2013-09-12Medical Aid ReviewsRoy Kendall

South Africa’s 5 million people living with HIV, tuberculosis and cancer will have cheaper generics access to the latest generation of ARV treatment if the draft National Policy on Intellectual Property, recently published by Trade and Industry Minister Rob Davies, is passed into law.

A non-governmental organisation, Doctors Without Borders said the intellectual property policy proposal would also be critical in determining whether they can start providing key multi-drug resistant tuberculosis medicines in their treatment programmes.

If signed into law it would pave the way for the local production of cheaper generic medicines and parallel importation of medicines from different countries.

The bill is tipped also to enable medical aid schemes to pay for new cancer medicines for their members.

“We had a case where a woman with a different kind of cancer ended up taking her medical scheme to court because they had refused to pay for her treatment based on costs,” Doctors Without Borders advocacy officer Julia Hill said yesterday.

“Newer cancer medicines are very expensive but there are other generics which we cannot access due to legal technicalities. The new patent laws in the draft piece of legislation will help us access drugs of similar strength from other countries and also pave the way for the local production of generic medicines.”

Relevant stakeholders and the public have up to September 30 to comment and make recommendations to the bill.

“The draft policy has a clause that permits parallel importation of medicines.
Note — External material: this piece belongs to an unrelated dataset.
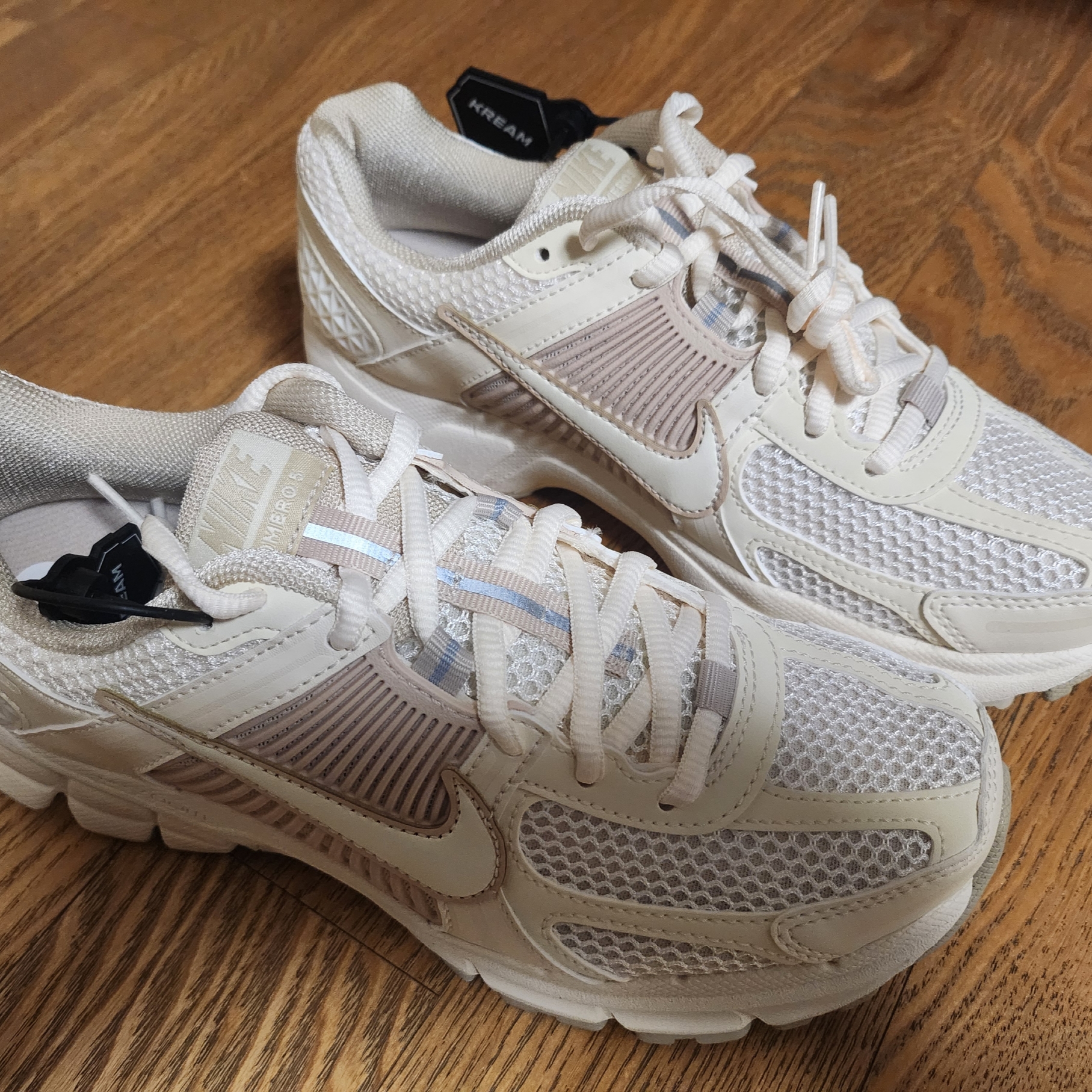 (W) Nike Zoom Vomero 5 Pale Ivory Sanddrift 착용 스타일 - 3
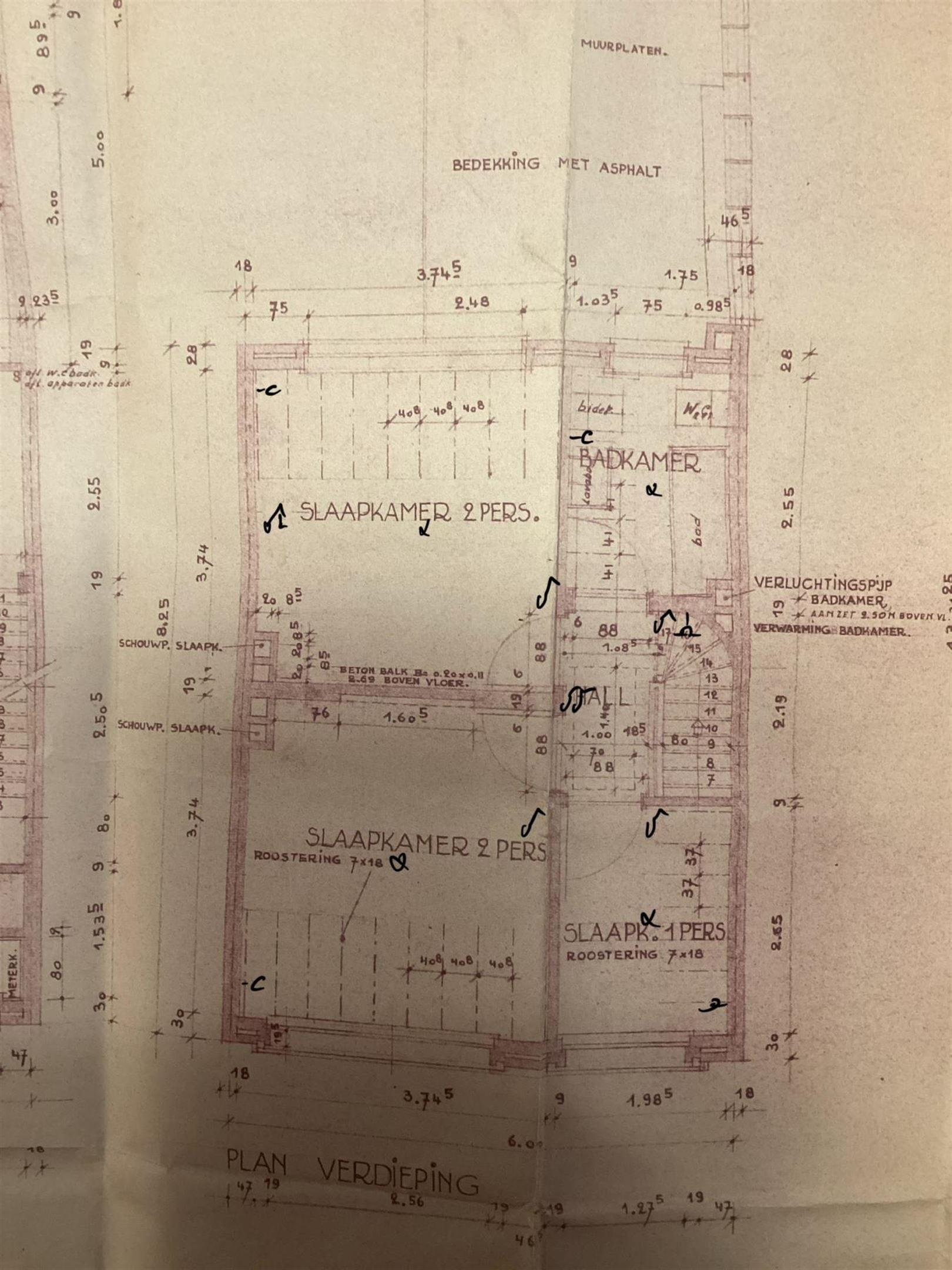 Te renoveren rijwoning op topligging nabij het park van Rozebroeken. foto 15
This means the health department will be able to compare prices of similar medicines in different countries to get cheaper imports,” Board of Healthcare Funders spokesperson Heidi Kruger said yesterday.

Kruger also said “compulsory patent licences” could, under the proposed policy, be awarded to multiple manufacturers to avoid patent abuse and promote competition while lowering costs.

Two HIV and Aids treatment pressure groups, the Treatment Action Campaign and Section 27, also threw their weight behind the proposed piece of legislation, saying it “lays a foundation to prevent abusive patents from blocking access to affordable medicines”.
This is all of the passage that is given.